Crypto finance is only now beginning to provide an environment that matches traditional finance: ways to earn steadier, more predictable returns – similar to bonds or savings products, according to Stani Kulechov, founder of Aave Labs and Guy Young, CEO of Ethena.
“Most fixed income looks like allocating risk into different formats…basically just allocating and allocating risk,” Young said during a panel at the Digital Asset Summit (DAS) in New York. “This piece of DeFi was probably least seen two years ago.”
Until recently, crypto users mainly traded in tokens or borrowed against them, often chasing high, unpredictable returns. New tools make it possible to capture returns, even in a market known for its wide fluctuations.

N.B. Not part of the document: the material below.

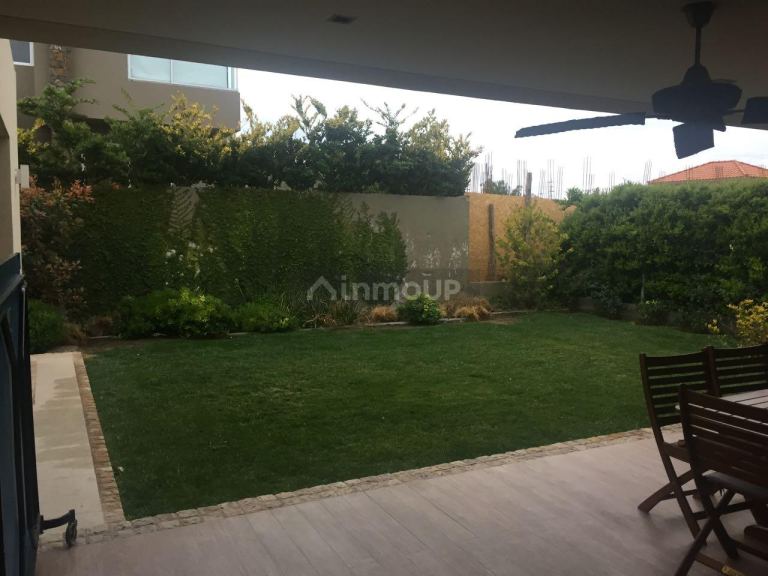 Casa en Venta en Capital, Mendoza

“What you’re doing with Pendle is offering a swap from fixed to variable rates,” Young said, referring to a system that allows users to choose between more stable or more variable returns – similar to choosing between fixed or adjustable interest rates.

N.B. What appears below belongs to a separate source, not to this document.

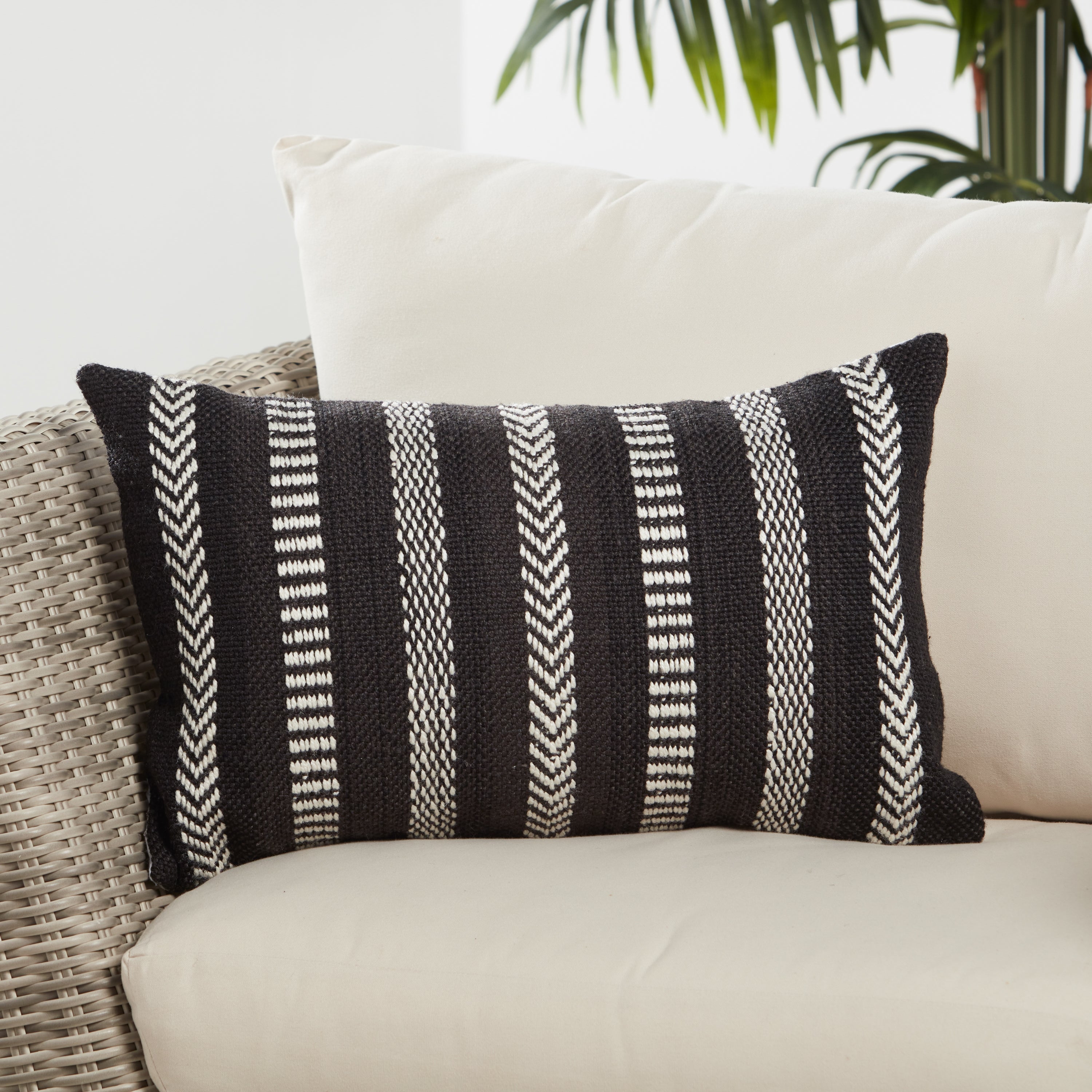 Label J Papyrus Pillow - Black/Ivory (PMP04)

That’s not easy in crypto. “It’s very difficult to know three months from now what the market will actually look like,” he said.
Kulechov said Aave has helped support this shift by providing deep sources of capital that other projects can tap into. “Aave acts as a kind of liquidity sink,” he said, and helped “kick off a lot of the new products in DeFi.”
For now, much of the money made still relies on trade rather than traditional lending. “A lot of DeFi returns are still largely based on leverage,” Kulechov said.
Over time, this could change as more real-world assets move up the chain, a process known as tokenization.
“A large part of the revenues and a large part of the economy will come from traditional financing,” he said.